Şêxmeqsûd Mahallesi, Halep’in kuzeybatısında ve en yüksek yerinde bulunan stratejik bir konuma sahip. Kürt nüfusunun yoğunlukta yaşadığı Şêxmeqsûd, baş eğmeyen bir mahalle. Qamişlo serhildanı sürecinde (2004) ilk tepkiler, bu mahallede ortaya çıktı. Suriye’de ayaklanmanın Deraa’da başlaması ardından Şêxmeqsûd da dikkat kesildi. Şam yönetimi, 10 Mart 2012’de mahalle halkının düzenlediği bir gösteriye milis güçlerini saldı ve Gulê Selmo adındaki yurtsever katledildi. Gulê Selmo’nun şehadetinden sonra mahalle halkı büyük bir direnişe geçti ve Şam hükümeti tümden mahalleden çekilmek zorunda kaldı. Şêxmeqsûd, öz savunma temelinde kendini örgütledi. Halk Meclisi, 26 Temmuz 2012’de kuruldu. Şam yönetiminin milislerinin saldırıları devam etti, 6 Eylül’deki ağır silahlı saldırıda 21 kişi katledildi. 
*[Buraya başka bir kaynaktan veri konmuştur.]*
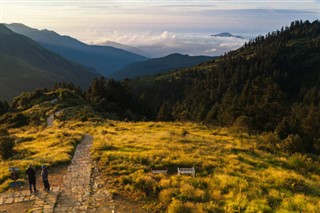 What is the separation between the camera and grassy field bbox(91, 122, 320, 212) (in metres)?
13.5

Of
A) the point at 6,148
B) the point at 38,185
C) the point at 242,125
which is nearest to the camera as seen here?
the point at 38,185

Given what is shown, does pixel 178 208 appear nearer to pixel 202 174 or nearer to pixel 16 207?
pixel 202 174

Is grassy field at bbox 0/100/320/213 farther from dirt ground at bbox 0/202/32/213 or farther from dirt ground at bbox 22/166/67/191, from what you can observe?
dirt ground at bbox 0/202/32/213

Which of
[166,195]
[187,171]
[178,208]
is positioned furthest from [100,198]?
[187,171]

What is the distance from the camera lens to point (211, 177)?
17.1m

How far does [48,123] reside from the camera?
51.8 meters

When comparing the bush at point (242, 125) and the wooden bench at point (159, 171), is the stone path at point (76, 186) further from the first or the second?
the bush at point (242, 125)

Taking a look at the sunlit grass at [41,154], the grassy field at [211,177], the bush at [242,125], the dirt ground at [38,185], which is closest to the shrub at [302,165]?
the grassy field at [211,177]

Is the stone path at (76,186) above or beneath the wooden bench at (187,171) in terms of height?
beneath

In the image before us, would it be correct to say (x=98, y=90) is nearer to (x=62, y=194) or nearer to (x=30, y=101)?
(x=30, y=101)

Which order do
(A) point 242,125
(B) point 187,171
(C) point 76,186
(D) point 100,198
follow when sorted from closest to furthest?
(D) point 100,198, (C) point 76,186, (B) point 187,171, (A) point 242,125

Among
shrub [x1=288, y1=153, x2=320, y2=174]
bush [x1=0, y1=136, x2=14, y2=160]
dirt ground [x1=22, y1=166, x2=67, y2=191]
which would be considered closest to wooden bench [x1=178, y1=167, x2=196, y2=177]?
dirt ground [x1=22, y1=166, x2=67, y2=191]

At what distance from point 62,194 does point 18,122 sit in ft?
149

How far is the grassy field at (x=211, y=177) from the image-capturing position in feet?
44.2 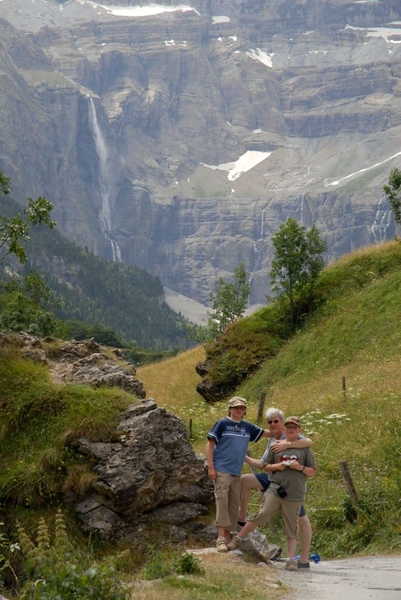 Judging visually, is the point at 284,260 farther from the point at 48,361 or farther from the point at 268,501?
the point at 268,501

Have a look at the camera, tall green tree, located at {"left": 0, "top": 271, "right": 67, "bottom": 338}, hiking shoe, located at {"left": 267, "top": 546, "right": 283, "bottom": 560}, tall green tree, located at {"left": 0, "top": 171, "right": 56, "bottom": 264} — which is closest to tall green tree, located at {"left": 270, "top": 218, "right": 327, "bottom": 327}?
tall green tree, located at {"left": 0, "top": 271, "right": 67, "bottom": 338}

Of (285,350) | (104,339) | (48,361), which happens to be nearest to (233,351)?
(285,350)

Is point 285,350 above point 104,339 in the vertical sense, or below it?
below

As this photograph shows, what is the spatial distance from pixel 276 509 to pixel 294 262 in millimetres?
34161

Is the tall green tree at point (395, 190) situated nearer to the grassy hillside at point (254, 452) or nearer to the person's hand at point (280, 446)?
the grassy hillside at point (254, 452)

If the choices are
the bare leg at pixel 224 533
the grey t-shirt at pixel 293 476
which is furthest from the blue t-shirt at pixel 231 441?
the bare leg at pixel 224 533

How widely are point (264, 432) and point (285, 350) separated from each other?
3005 cm

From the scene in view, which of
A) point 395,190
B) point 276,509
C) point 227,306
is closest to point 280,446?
point 276,509

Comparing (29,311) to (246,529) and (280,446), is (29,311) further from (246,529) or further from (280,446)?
(280,446)

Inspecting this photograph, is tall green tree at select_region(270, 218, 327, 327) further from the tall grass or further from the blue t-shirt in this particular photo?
the blue t-shirt

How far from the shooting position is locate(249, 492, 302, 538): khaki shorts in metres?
12.8

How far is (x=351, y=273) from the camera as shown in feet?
155

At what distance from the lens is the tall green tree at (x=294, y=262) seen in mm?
46125

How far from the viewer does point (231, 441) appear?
13.3m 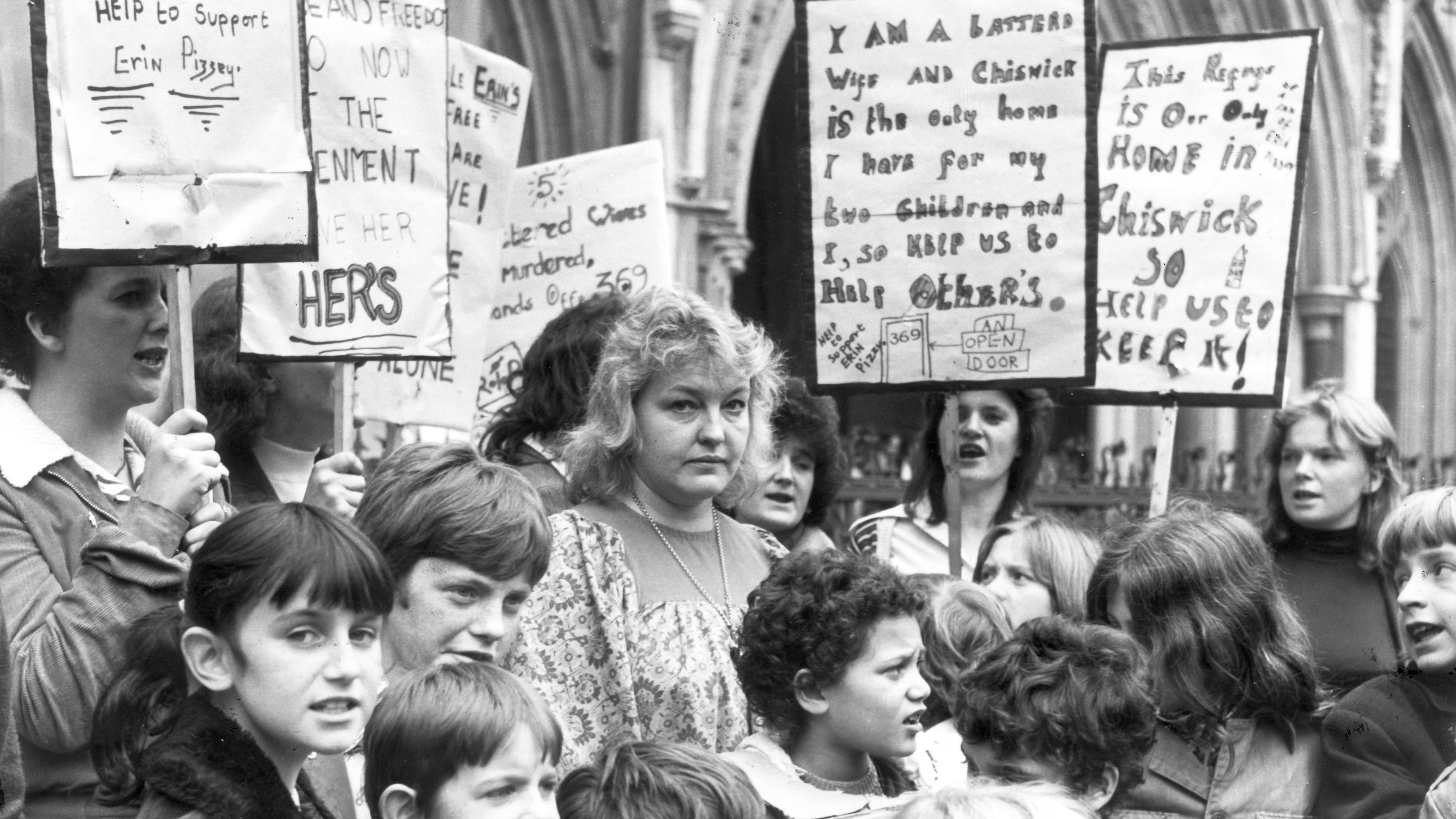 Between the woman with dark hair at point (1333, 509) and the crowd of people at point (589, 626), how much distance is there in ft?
0.73

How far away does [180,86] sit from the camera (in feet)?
10.6

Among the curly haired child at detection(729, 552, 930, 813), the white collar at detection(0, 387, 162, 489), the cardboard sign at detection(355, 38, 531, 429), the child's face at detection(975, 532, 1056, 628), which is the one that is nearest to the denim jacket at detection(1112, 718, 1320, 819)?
the curly haired child at detection(729, 552, 930, 813)

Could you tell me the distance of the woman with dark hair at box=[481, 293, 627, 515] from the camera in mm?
4125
REJİM MİLİSLERİ VE ÇETELER

Mahalleye sadece rejim milisleri değil, çeteler de saldırdı. 26 Ekim 2012’deki saldırılarda 8 kişi katledildi. 29 Mart 2013’te ise bir taraftan çeteler, diğer taraftan Şam hükümetine bağlı milisler mahalleye saldırdı. Xalid Heyani çetesi, 26 Nisan 2013’te saldırdı. YPG ve YPJ savaşçıları, karşılık vererek saldırıları kırdı. Bunun üzerine 7 Eylül 2013’te Xalid Heyanî, Xurebai El Şam ve El Tewhid Tugayı çeteleri birleşerek saldırı düzenledi. YPG ve YPJ savaşçıları 60’tan fazlasını öldürerek geri çekilmek zorunda bıraktı. 

MAHALLE TAMAMEN ÖZGÜRLEŞTİRİLDİ

Mahalleye saldırılar 2015’te yeniden arttı. Rejim güçleri, Şêxmeqsûd ve Eşrefiyê arasındaki bölgeyi bombaladı. Bu saldırılardan üç ay sonra, Türk devletinin koordine ettiği çeteler, 28 Mayıs 2015’te ortaklaştı ve Cebhet El Nusra öncülüğünde Şêxmeqsûd’a saldırmaya başladı. Bu saldırılar da boşa çıkarılınca, 22 Eylül 2015’te mahalle kuşatmaya alındı. Mahalleye ağır silahlarla yüzlerce defa saldırdılar. Bu saldırılarda da 6 sivil katledildi, onlarca sivil yaralandı. Cebhet El Nusra, Türk devletinin teşvikiyle 27 Kasım 2015’te yeni bir saldırı başlattı. 27 çete grubunun birleştiği 16 Şubat 2016’daki saldırı, genişletildi ve 26 Kasım 2016’ya kadar devam etti. YPG ve YPJ savaşçıları, 27 Kasım’da saldırı pozisyonuna geçip özgürleştirme hamlesine başladı; Aralık 2016’da tamamladı.

Şêxmeqsûd halkı, 8 ay boyunca savaşçılarıyla birlikte o küçük mahallede büyük bir direniş gösterdi. Bu direnişin parçalarından biri de ‘Sekin Şebabiye’ dedikleri, Şêxmeqsûd’un güneyinde bulunan bir kaç binadakiydi. Bu binalar, mahallenin savunma hattını oluşturuyordu. Çeteler bu binalara karşı her türlü silahı kullandı ama hiçbir ilerleme kaydetmedi. Çeteler, 29 Mayıs 2016’da tünelden binanın altına geçerek 3 tonluk patlayıcı yerleştirdi. Bu patlamada 12 YPG savaşçısı şehit düştü.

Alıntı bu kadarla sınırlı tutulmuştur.